S4. Can Bellman-Ford be parallelized?¶
Yes, cleanly. Within a round, relaxing all edges is a set of min updates into dist[]. Edges are independent reads of dist[u] and writes to dist[v]; the writes are min-reductions done with atomic compare-and-swap loops or atomicMin. Rounds are separated by a barrier. This maps well to GPUs: edges become threads, dist lives in global memory.
S5. Why is it safe to read a stale dist[u] during parallel relaxation?¶
Because relaxation is monotone: distances only decrease, and never below the true shortest path. Reading a slightly larger (stale) dist[u] only delays an improvement to a later round; it never produces a wrong final answer. This same tolerance for stale reads is precisely what makes the asynchronous distributed version converge at all.
S6. What observability signals matter when Bellman-Ford runs as infrastructure?¶
For a routing daemon: a destination's metric increasing monotonically is count-to-infinity in progress, visible before the cap is hit; route flaps indicate instability; advertisement rate reveals triggered-update bursts; time-to-converge is the key SLO. For a batch job: rounds-to-converge, total relaxations, and the negative-cycle detector firing.

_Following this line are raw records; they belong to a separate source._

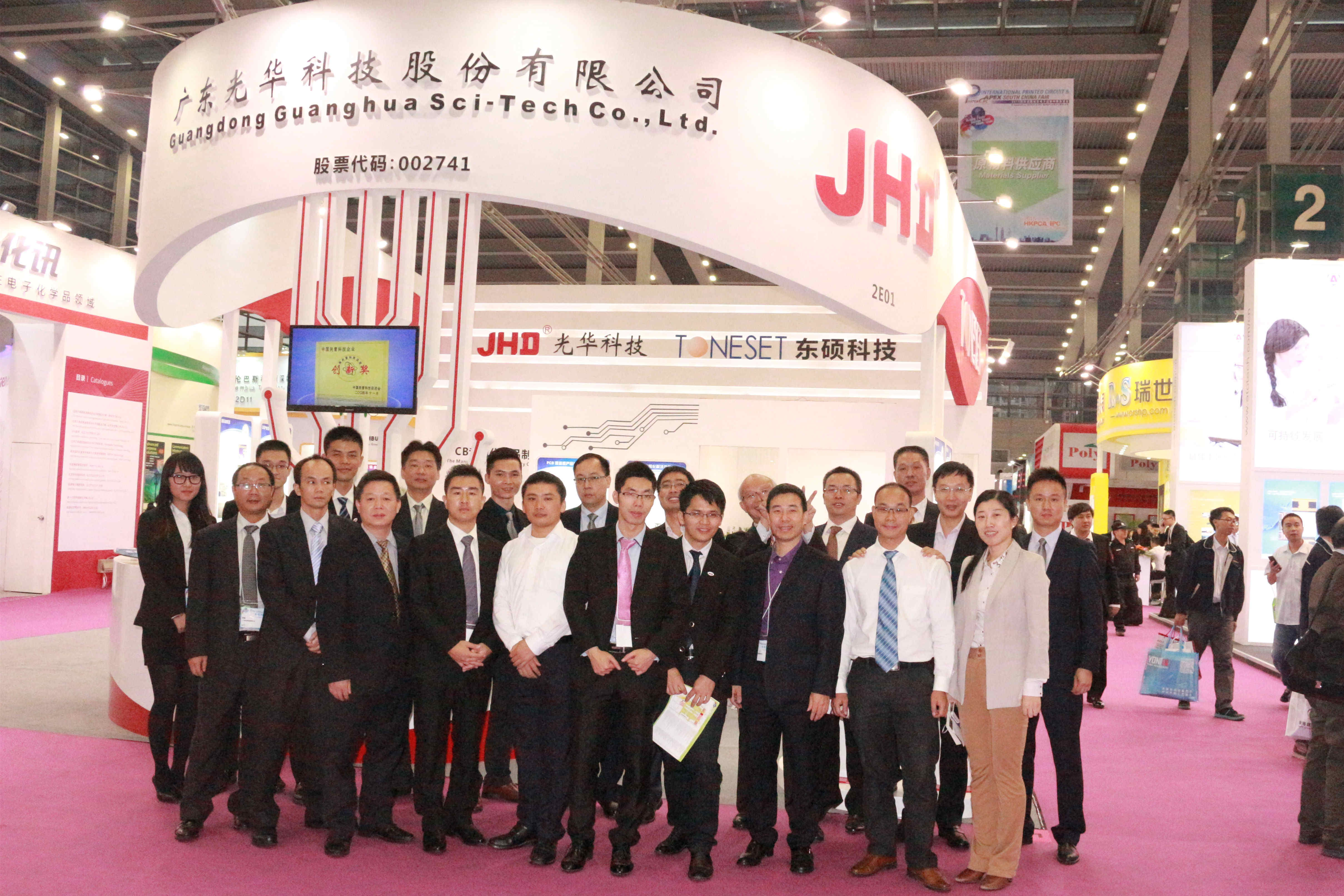 Z6��������ʱ���й������ٷ���վ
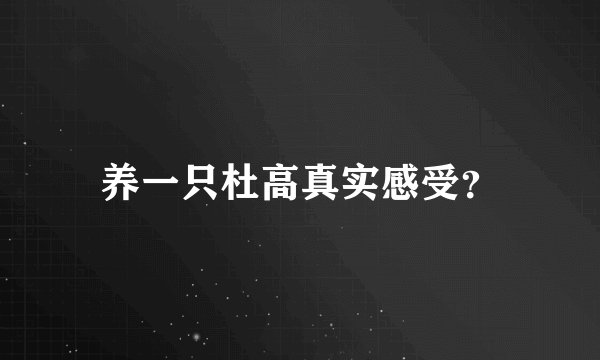 养一只杜高真实感受？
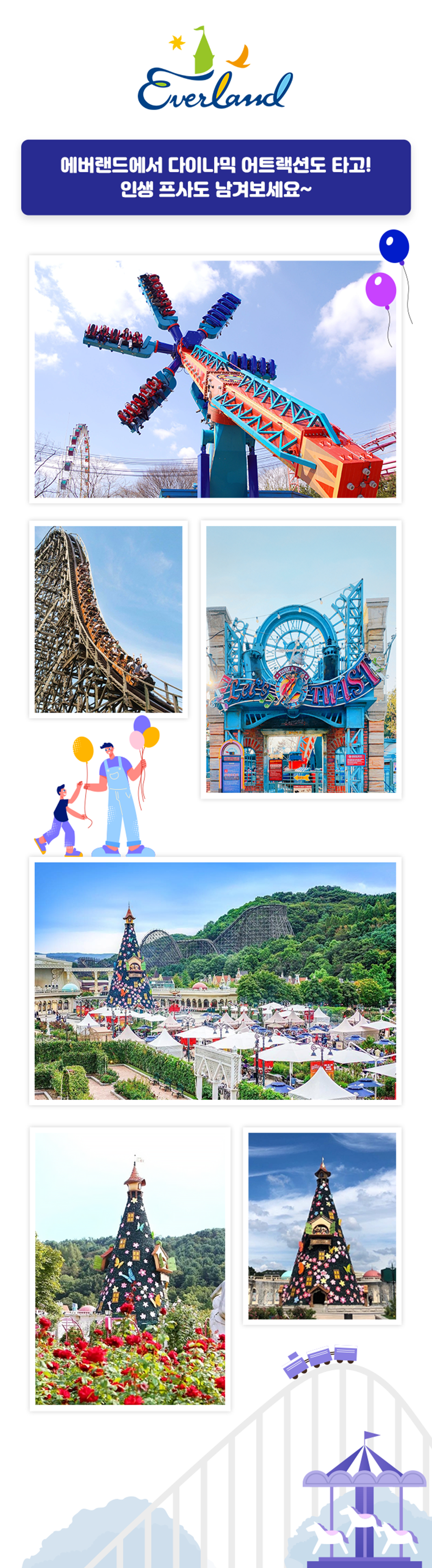 �������忡�� ���̳��� ��Ʈ���ǵ� Ÿ��! �λ� ���絵 ���ܺ�����~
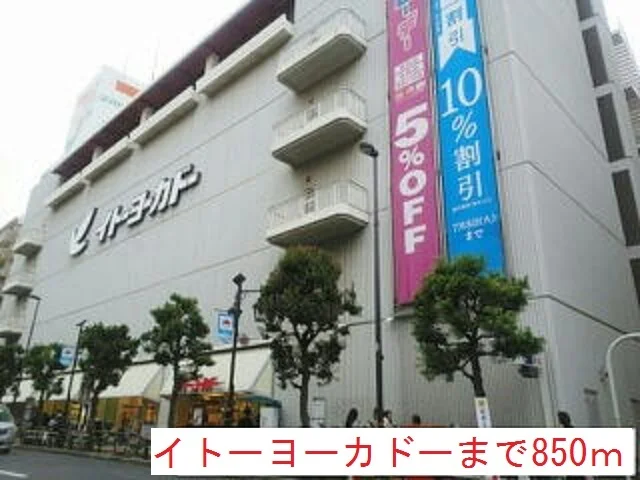 イトーヨーカドーまで850m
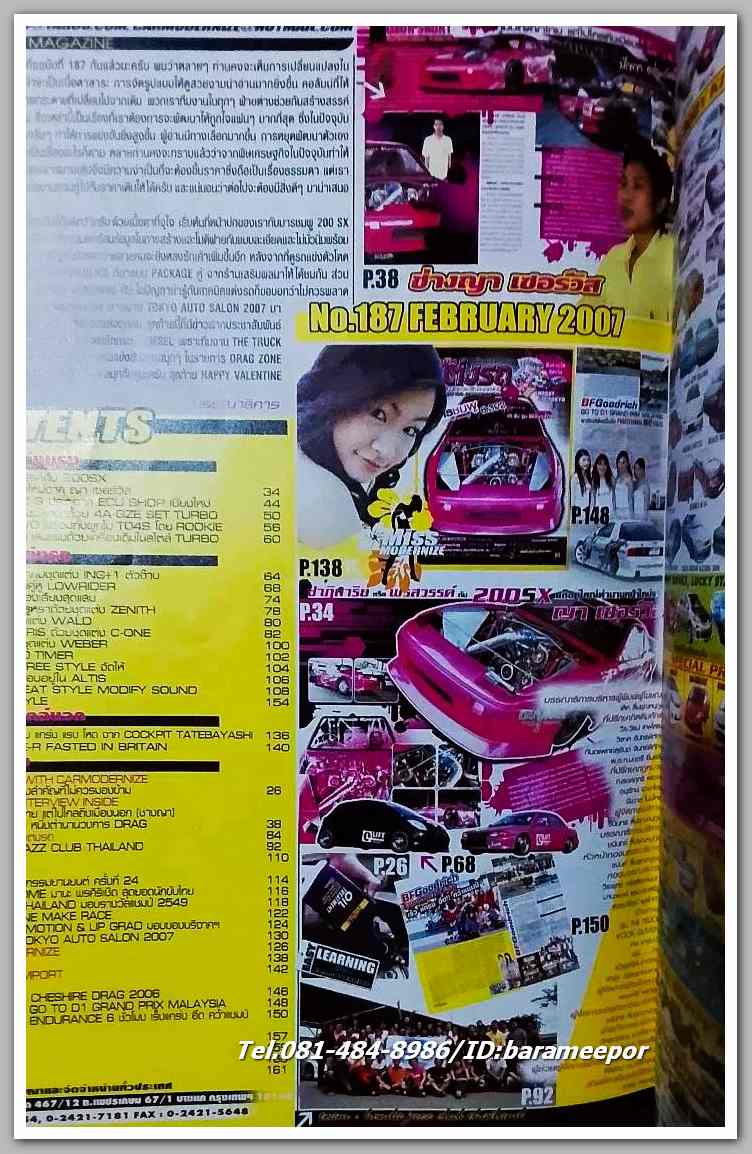 หนังสือเทคนิคแต่งรถ ฉ.187 / ปี 2007 กระดาษปอนด์ หนา 100 กว่าหน้า ..C.11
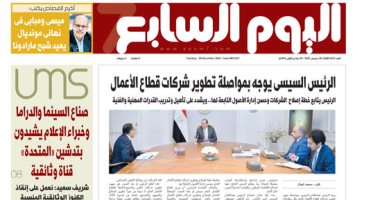 الرئيس السيسى يوجه بمواصلة تطوير شركات قطاع الأعمال.. غدا فى اليوم السابع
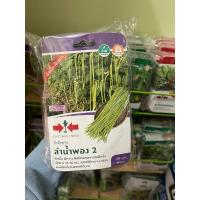 ราคา ถั่วฝักยาวลำน้ำพอง แบบ แพ็ค (10ซอง) (25405005266)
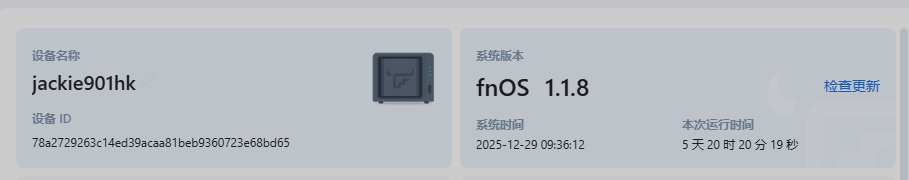 螢幕擷取畫面2025-12-29093624.png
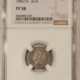 Lincoln Cents (Wheat) 1922-D LINCOLN CENT – NGC MS-64 BN, SMOOTH!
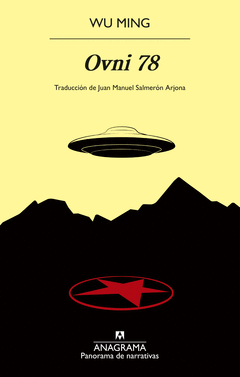 Cover Image: OVNI 78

S7. Compare distance-vector, path-vector, and link-state at scale.¶
Distance-vector (Bellman-Ford, RIP): each node knows only neighbors, slow convergence, can count to infinity. Path-vector (BGP): carries the full AS path, so a router rejects any route already containing its own AS — loop-free, internet-scale. Link-state (Dijkstra, OSPF/IS-IS): each node floods full topology and runs SPF locally, fast and loop-free per computation. The scalable answers deliberately abandon pure distance-vector.
S8. How does the INF sentinel cause production bugs?¶
If INF is too small (for example Integer.MAX_VALUE) and you relax from an unreachable vertex without the guard, INF + w overflows to a negative number masquerading as a great path, poisoning every downstream distance. The fix is INF = MAX/4 for headroom plus the dist[u] != INF guard, enforced in code review.

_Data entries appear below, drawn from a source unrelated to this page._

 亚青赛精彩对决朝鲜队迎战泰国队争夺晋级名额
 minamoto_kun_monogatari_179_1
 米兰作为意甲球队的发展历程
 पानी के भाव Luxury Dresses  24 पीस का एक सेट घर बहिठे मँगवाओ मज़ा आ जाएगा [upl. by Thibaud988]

S9. What happens if a "should-be-non-negative" graph gets a negative edge by bug?¶
Distances can diverge toward -∞. In a batch job the detection pass fires and you catch it. In a streaming/online system it can silently corrupt every dependent distance before anyone notices. The mitigation is to validate edge weights at ingestion and assert non-negativity wherever the domain requires it.
S10. Where does Bellman-Ford sit inside min-cost max-flow?¶
It (or SPFA) finds the shortest-cost augmenting path in the residual graph, where residual edges can have negative cost. After the first iteration, Johnson-style potentials make all reduced costs non-negative, so the implementation switches to Dijkstra for speed. Bellman-Ford absorbs the initial negativity exactly once.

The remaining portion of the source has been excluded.